To me, it seems that now-a-days mishloach manot are wrapped in so many layers of plastic and packed with so much junk and packaging. Many people seem to be throwing away the majority of the mishloach rather than enjoying the mitzvah. It’s disheartening to see. 

I recently posted on my Facebook group Organizing in Israel a couple of quick and easy tips on how to make more eco-friendly mishloach manot while still fulfilling the mitzvah. In this article I do link to some products that I love (and use!) and if you purchase through the link I receive a small commission at no extra cost to you.  


Tips for Zero-Waste Mishloach Manot

  1. Use a reusable container ideally not from plastic. Mason jars (made out of glass) are cute and give a refined look to whatever you place inside. They can easily be washed after use and whomever receives them can use them again and again! In terms of packaging try and think about the ratio of wrapping to food you are using. If it seems like 60% trash try to think of ways to lessen that percentage. 

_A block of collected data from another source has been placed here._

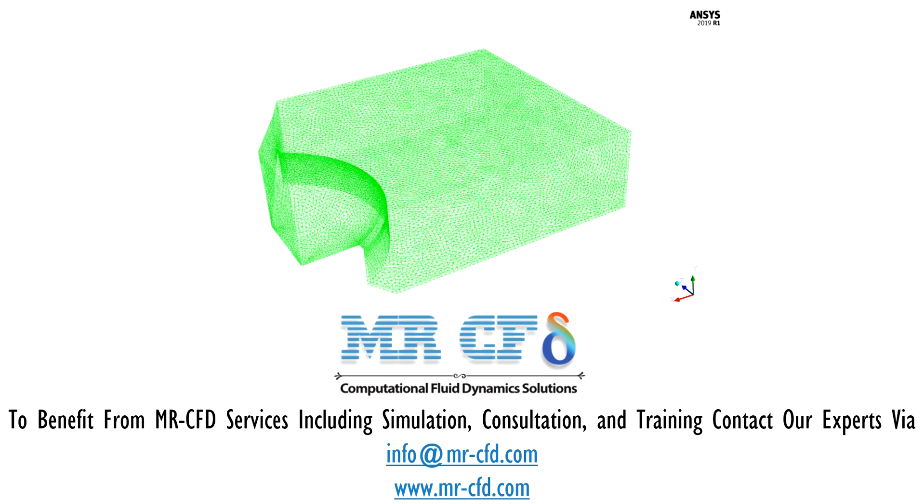The meshing of the model has been done using ANSYS Meshing software and the mesh type is unstructured. The element number is equal to 698,691 and this figure shows the mesh.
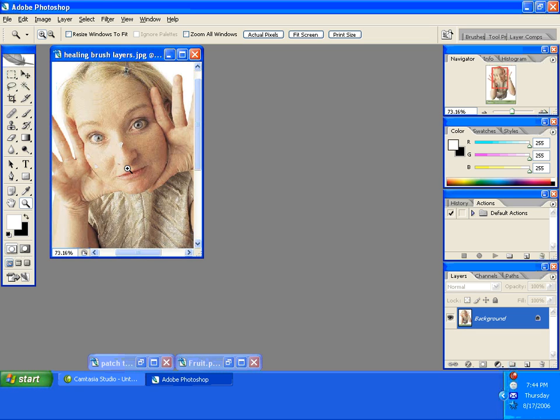And there you go. Three tools that will help you for retouching an image. If you have any questions, give me an email and I'll talk to you later. Bye.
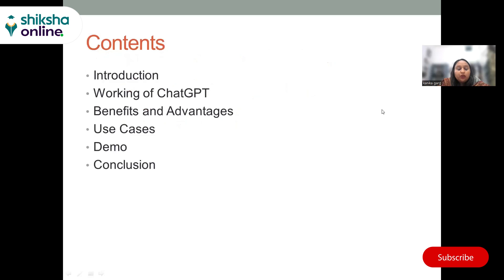To get to that, we must understand what ChatGPT is, how it works, what are its benefits and advantages, the use cases. We can have a little demo and then a conclusion.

  1. Skip the junk. Try your best to not fill up your mishloach manot with junk people don’t need or want. Also, junk food comes in extra packaging that will just go in the trash (see #3). A good rule of thumb to stick to while putting together your mishloach manot is you are supposed to include things you can eat for the seudah. Another thing I want to point out is that Purim is close to Pesach, so many people will not want to store junk in their homes so it will go straight in the trash.

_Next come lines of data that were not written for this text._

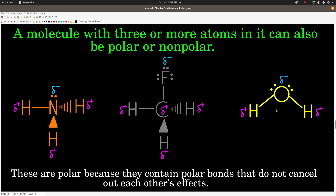These molecules, on the other hand, are polar. The basic reason is because they have at least one polar bond, and the polar bond or bonds are not symmetric — they're asymmetric. The pulls do not cancel. In ammonia, nitrogen's electronegativity is 3.0 and hydrogen's is 2.1. The difference is 0.9 — polar bonds.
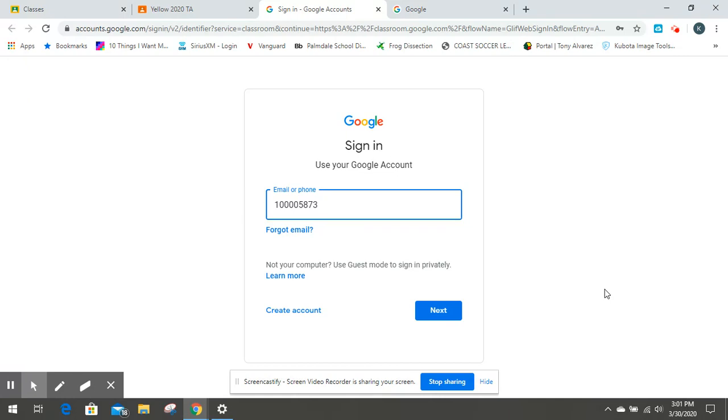If you need help with your number or your password, you'll need to contact your teacher for that. But then the trick is you have to also put at palmdale sd like school district dot org. And that's what's going to then get you into your school account.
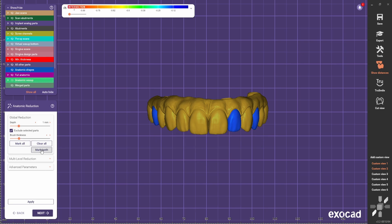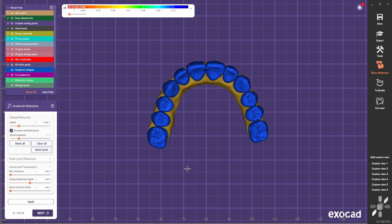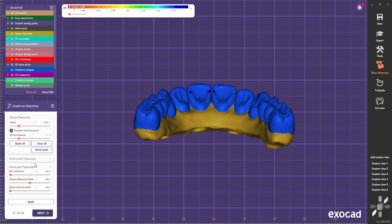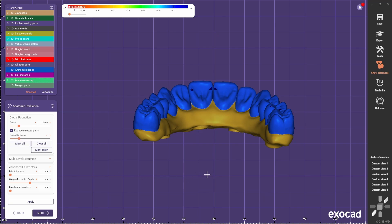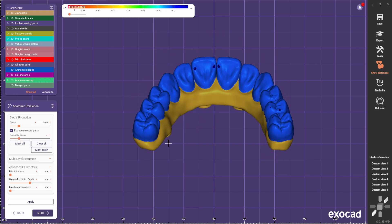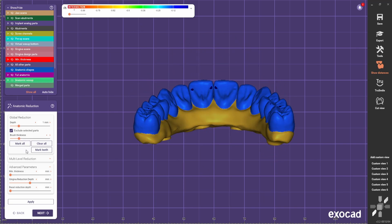For that we go mark teeth. So we have the teeth marked as full contour, and we're going to paint to rest because we only want a buccal reduction of the gingiva.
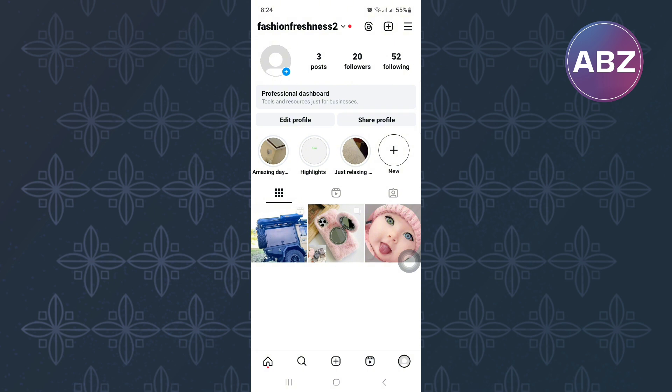From there, tap on the following list. It is found under this option. This will take us to the list of users we follow.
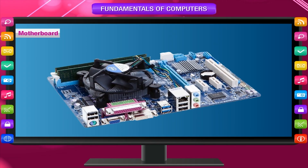The motherboard is the main circuit board of the computer where you plug in your microprocessor, CPU, memory, and other cards.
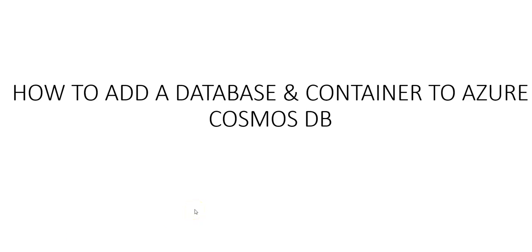Hi, my name is Ashish, and in this video we will add a database and a container to Azure Cosmos DB account. So let me just quickly log on to the portal and take it from there.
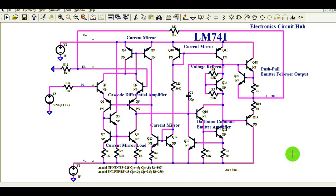Hello friends, welcome to Electronic Circuit Hub. Today we are going to understand the internal architecture of LM741. You can see this is a very complex circuit. We will understand how this circuit works and what is the internal circuitry of LM741 — this is the most commonly used operational amplifier IC in the industry.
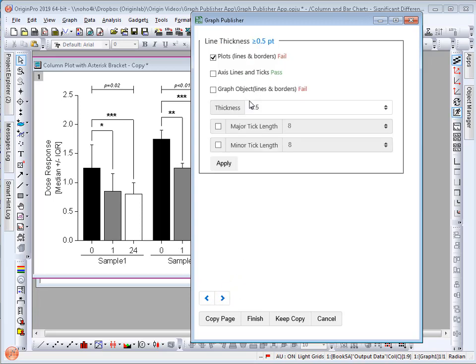Select the next page. Here plot thickness and graph object lines and borders failed. I can again select these and select apply.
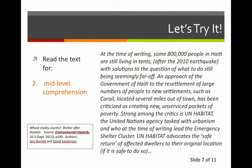Now we're going to read it again, but a little more deeply for mid-level understanding. This time, take no more than two minutes. Ready? Go.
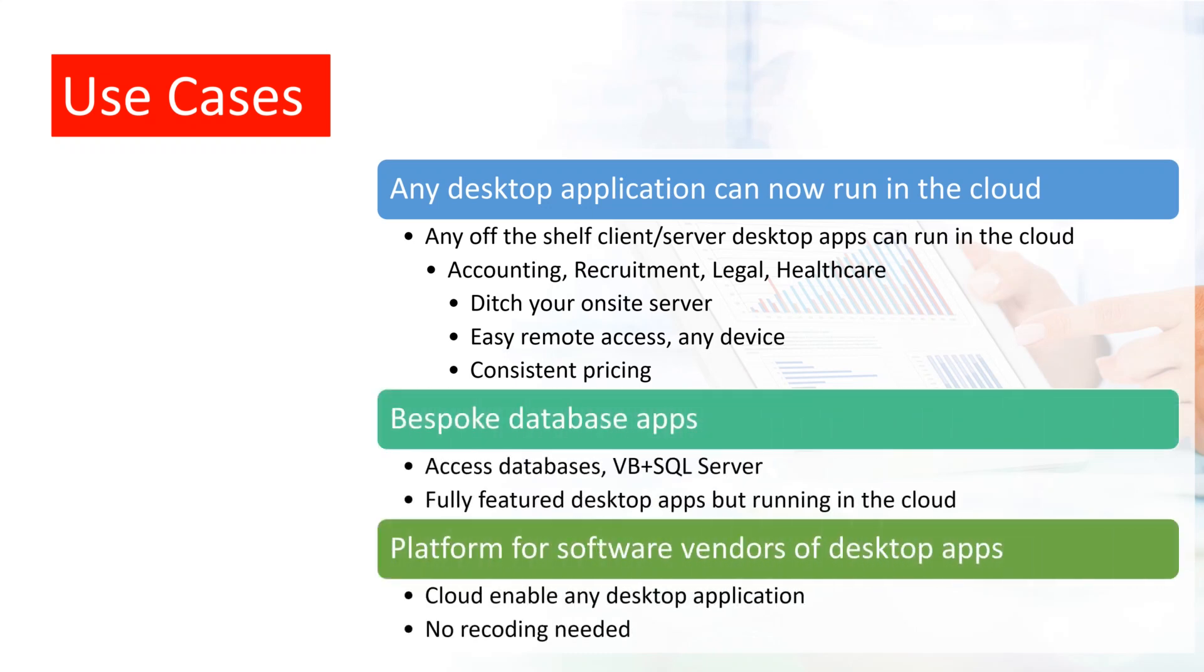Software like accounting packages, CRM systems, stock control, applications for recruitment agencies, legal firms, healthcare providers—in fact any business software that normally needs to be installed on a Windows PC, and perhaps shares a common set of data, databases, or documents.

  1. Pack foods that have little or no packaging. Like I said in tip #2, avoid pre-packaged food. There are a couple ways to avoid prepackaged food – some examples include cutup veggies or home baked goods. When packing these food items, try and utilize tip #1 and wrap them in cute linen or reusable wax paper. Choose paper over plastic whenever possible.


I try my best to adhere to these 3 rules while making my mishloach manot. I pack everything into a reusable bag and tie up the bag with ribbons from previous gifts that I have saved and want to reuse. The card is made from stationary I have left over.

The drink is usually a bottle of wine and the food is a challah wrapped in a tea towel or parchment paper with some fruit in its own skin. I send four mishloach manot, one to each of my neighbors in my building and the ones we share a yard with. That’s it. 

It’s not time consuming what I do, I use very little waste, and I am still fulfilling the mitzvah!